La imagen sucia, quemada por el ruido digital, muestra un camión blanco maniobrando entre militares. Cuando se abre el portón trasero, en la plaza del campo de refugiados se vuelcan las decenas de hombres, mujeres y niños que han hecho el trayecto apretados en la caja del vehículo. Y sólo al detenerse la grabación en un plano corto —el rostro de un hombre chorreando sudor— nos alcanzan en cierto modo, como un eco imposible, el calor, el olor, la humedad, el cansancio, el miedo.

Gilbert Ndunga-Nsangata vivió en ese campo, que aún está en pie en las afueras de Mbanza-Ngungu, al suroeste de la República Democrática del Congo. Llegó allí en 1998 desde la otra orilla del río, desde Brazzaville, tras haber pasado meses huyendo por la selva con un hijo en cada mano.

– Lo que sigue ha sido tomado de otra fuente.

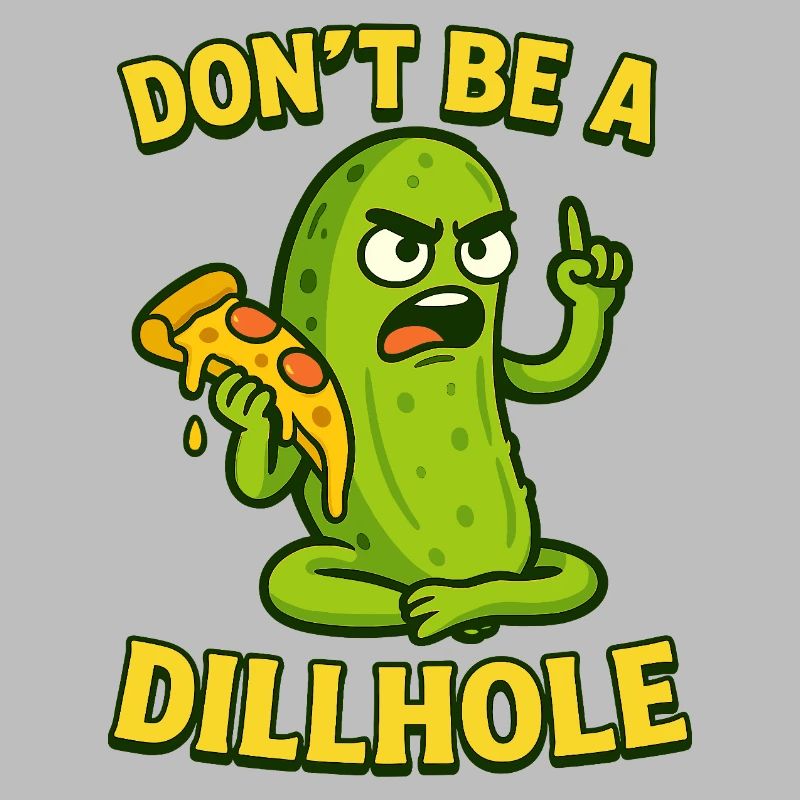 Funny Pickle Meme Design - Ne soyez pas un trou d’aneth !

Quince años después volvió con una cámara de vídeo. El campo, casi en ruinas, seguía habitado por gente que, como él, había tenido que salir de la vecina República del Congo para escapar al golpe de Estado y la guerra civil. «Tengo sentimientos encontrados. ¿Debería sentir pena por ellos? ¿Debería sentirme culpable por haber sido más afortunado?», se pregunta a sí mismo ante las casas de fortuna del campo, cubiertas aún con plásticos del ACNUR.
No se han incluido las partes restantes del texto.